A partir des années 80, sa voix commence à se dégrader, et perd quelque peu de sa pureté et de sa souplesse d’antan. Elle compense cette perte en renforçant l’intensité dramatique de sa voix, et en choisissant des rôles qui correspondent mieux à cette évolution. Ainsi, elle chante Tosca de Puccini à de nombreuses reprises, notamment pour sa dernière apparition au Metropolitan en 1985 avec Pavarotti dans le rôle de Cavaradossi. C’est sa quatre-vingt-quinzième apparition sur la scène. Sa notoriété à la fin de sa carrière repose notamment sur ses collaborations avec des artistes non lyriques. En effet, Freddie Mercury de Queen, un grand admirateur, lui propose d’enregistrer un duo. Le résultat, Barcelona, sorti en 1987, est un grand succès, qui donne lieu à un album complet de duos en 1988. Leur performance dans la ville éponyme en 1988 est d’ailleurs la dernière apparition en concert de Freddie Mercury, dont la santé se dégrade rapidement. En 1992, la chanson devient l’hymne olympique pendant les Jeux Olympiques de Barcelone, mais Caballé refuse de la chanter seule, Mercury étant décédé du SIDA l’année précédente.
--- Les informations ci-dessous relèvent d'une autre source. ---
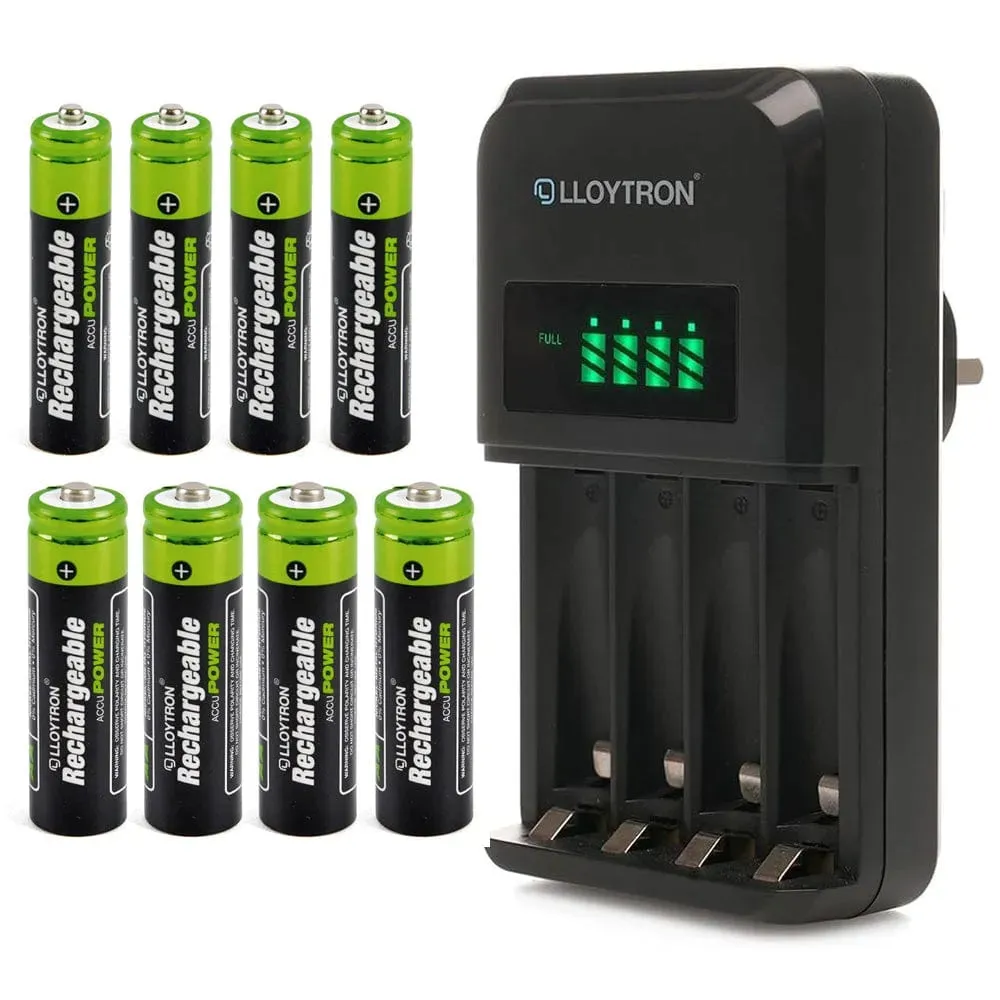 Intelligent Battery Charger with LCD Display | Includes 8 AA & AAA NiMh Rechargeable Batteries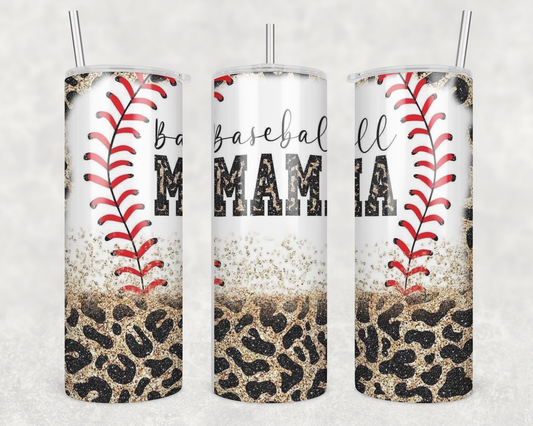 Baseball Mama Cheetah Print Tumbler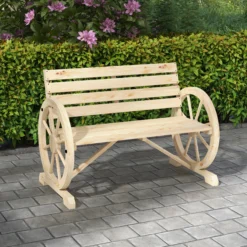 Outsunny Banco De Jardín De Madera Reposabrazos En Forma De Rueda Carga 240 Kg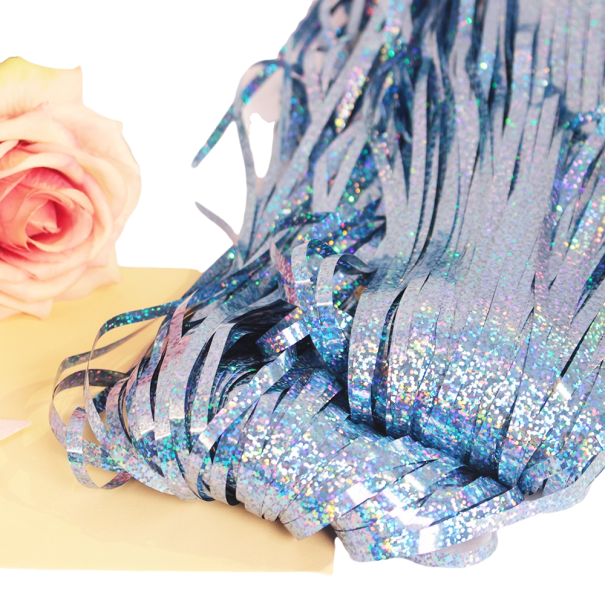 Cortina de fiesta con flecos, brillante, 1 x 1 m azul claro
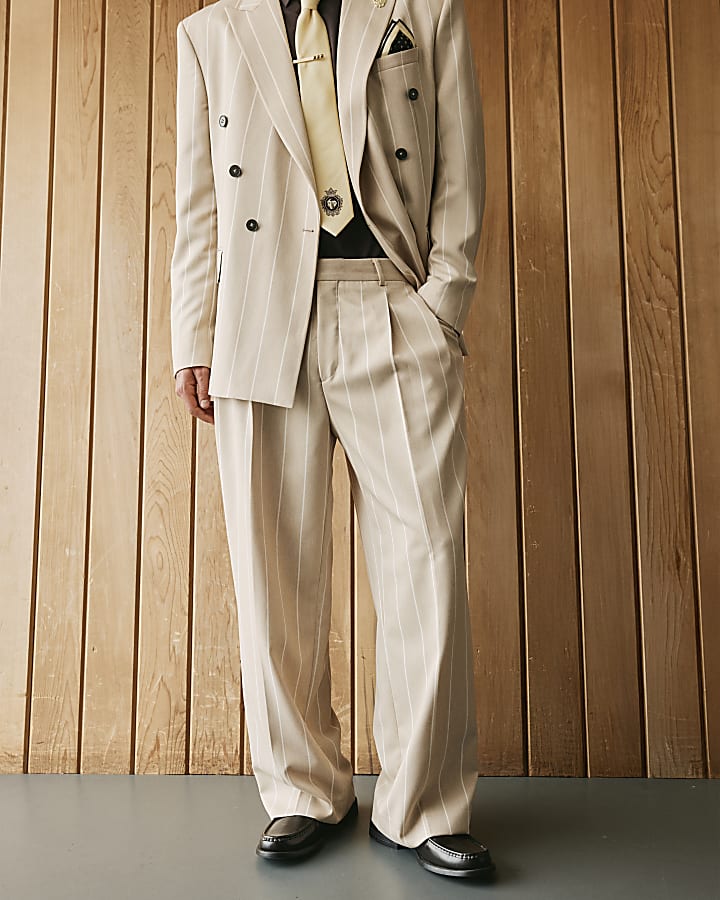 Beige Twisted Tailor Pinstripe Trousers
Sa fin de carrière s’illustre particulièrement par sa volonté de réhabiliter des œuvres oubliées. Cela reste dans la continuité de sa carrière, marquée par une grande curiosité, par une volonté de ne pas se reposer sur ses succès établis pour sans cesse élargir son répertoire. Ainsi, en 1992, elle chante Le Voyage à Reims, œuvre de Rossini presque totalement oubliée, restaurée depuis peu, au Royal Opera House avec Renée Fleming. Parmi ses dernières apparitions sur scène, on compte Henri VIII de Saint-Saëns (Catherine d’Aragon) en 2002 et Cléopâtre de Massenet en 2004 au Liceu. Elle fait sa dernière apparition sur scène en 2007 au Wiener Staatsoper, dans le rôle de la Duchesse de Crakenthorp dans La fille du régiment de Donizetti. Ainsi, elle passe le flambeau à Juan Diego Florez, qui s’impose alors comme l’une des plus grandes voix du Bel Canto contemporain avec sa performance de Tonio dans cette production. « La Superba » s'éteint le 6 octobre 2018 à l'âge de 85 ans.